I concluded yesterday’s post by saying:
There is a far more fundamental problem…it centers on my disillusionment with elections–especially in modern politics in this nation–and with my evolving understanding of my political responsibilities.
I should have been more specific above. I have acquired a profound dislike of presidential elections: the campaigning by candidates, the so-called ‘debates,’ the insincere campaign promises. I consider presidential elections the worst part of American democracy: for the opportunities for pandering and demagoguery they provide, for their choking off of reasoned discourse, and especially in the US, the inordinate amount of time, energy and money they consume. The Republican primaries began last year, or at least, it felt like they did. That’s a full year before the elections. Really, US polity, really? A year-long election season?

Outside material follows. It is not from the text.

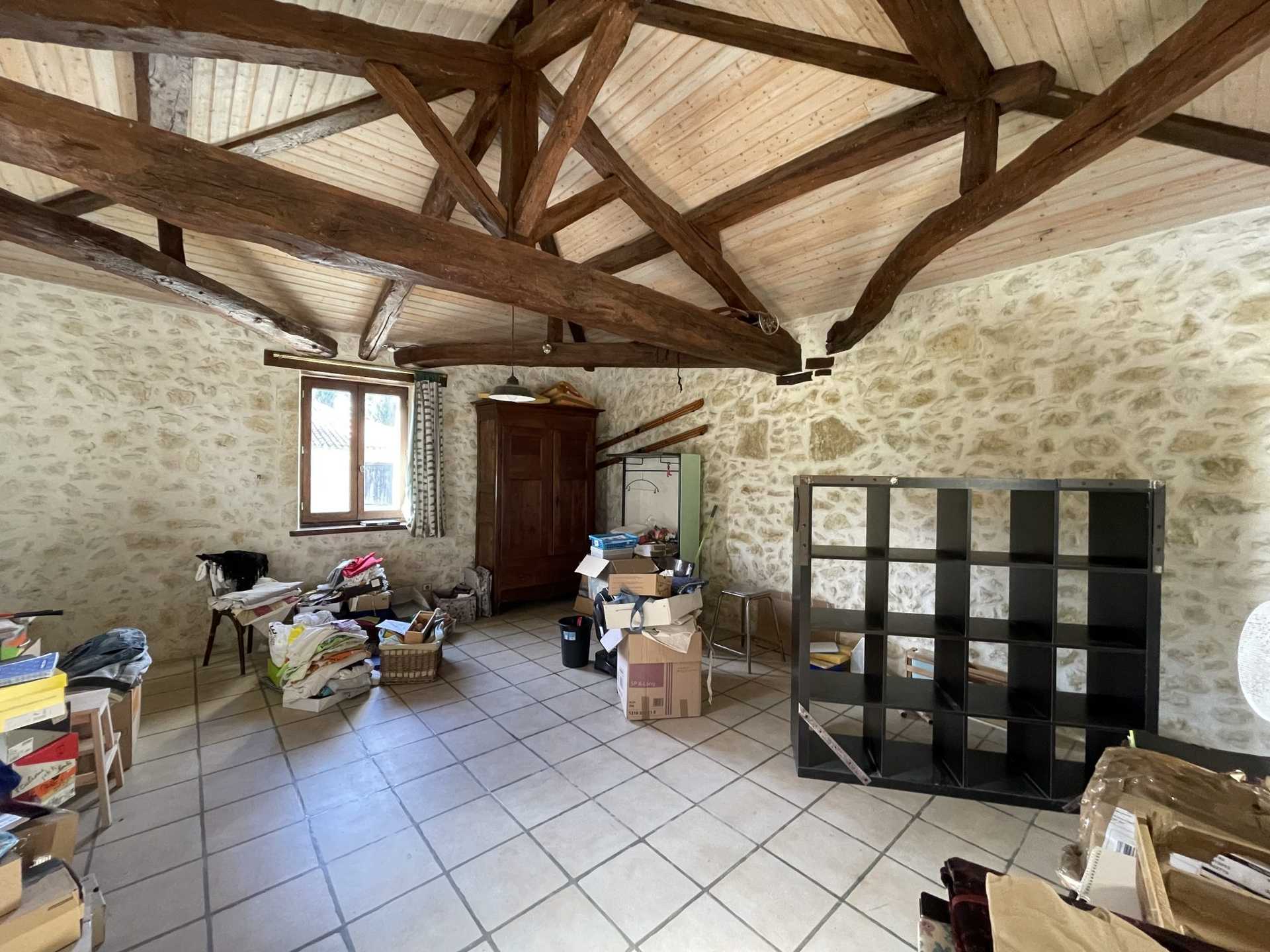 Dom w Auch, Occitanie 12543327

I dislike too, the elevation of the presidential election to the center-piece of American democracy–that somehow casting my vote for the president is the most important political act I can commit. This often results in guilt-mongering: If you don’t vote for a presidential candidate, you’ve committed a grievous abdication of political responsibility. The propagandizing and resource consumption associated with presidential elections is especially insidious; their prioritization cripples a great deal of engagement with the political process; it denudes political activism of energy, purpose and resources by drawing too much attention to itself.
The privileging of these elections has meant all too many US citizens imagine that presidential elections are all there is to their democracy;’ that to participate in their polity, one need only show up once in four years to vote, followed by rapid disengagement. Presidential candidates, like Barack Obama, are guilty of the precise converse; they imagine that having won the election, there is no need anymore to engage with those that brought them to power. A fraction of the passion spent in engaging with the ‘base’ during the election season, had it been deployed during the last few years, might have earned Obama considerably more legislative victories, and not cost him the support of his ‘base.’ (It didn’t help, either, that the option chosen, instead, was denigration of the ‘base.’)

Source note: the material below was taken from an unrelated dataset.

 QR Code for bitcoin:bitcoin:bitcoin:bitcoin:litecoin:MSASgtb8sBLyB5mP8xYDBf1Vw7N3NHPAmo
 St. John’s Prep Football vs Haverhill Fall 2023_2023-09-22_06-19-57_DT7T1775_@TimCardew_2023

I’ve come to think of the presidential election as the deployment of a vast machinery of systematic obfuscation. The disappointed voter is a cliché now, precisely because he imagined that voting was all there was to it; better to ignore elections and do politics somewhere other than the presidential polling station. The real action lies elsewhere; in local elections where one might, for instance, vote for judges who can rule on important decisions affecting families and groups: divorce or bankruptcy proceedings for example.
A citizen can be political in many ways. I can be political by resisting the policies that my nation’s rulers seek to impose: sometimes by writing here, sometimes by my daily utterances, sometimes in my teaching, sometimes in the lifestyle I adopt, and in those I encourage. My politics resides in my daily actions, in the many little decisions I make on a daily basis. The political process operates on many levels; it can be poked, prodded, and interacted with via a multiplicity of processes; voting for the president is but one of them.
Samir, I agree entirely with your desire to de-emphasize presidential elections in favor of other forms of political action, but I’d like to add two points:
1. The focus on presidential elections is justified partially by the fact that the presidency has seen an enormous growth in power since the Second World War. This has been well-discussed by Robert Nisbett and others, and given the fact that both parties have decided to commit us to a Forever War (yes, I am invoking Joe Haldeman on purpose), which not only causes unimaginable death and destruction, but perpetually drains our coffers of desperately needed money, the focus seems a fair one.
2. The other sorts of political action that you (and I) would prefer to focus on, is the sort that the American people simply aren’t interested in and especially young people. It requires too much work and effort and more importantly, it requires that people care more than they do.
What many of us who care about these issues seem unwilling to confront is the fact that the public is largely happy to be “managed” in this way; that we are, literally, living in the world described by Huxley, in which we have come to “love our servitude.”
–DK
Dan,
Fair enough; the extension of the executive branch means more attention must be paid to it. As for political action in general, there is, as you point out, a kind of narcotizing of the citizenry carried out by gradually increasing the control that a new super-class of financial and political power wields. This class’ ideology is dominant, and it has turned most folks into prime exhibits of ressentiment, unable to fight their way out of their agreed-upon servile position.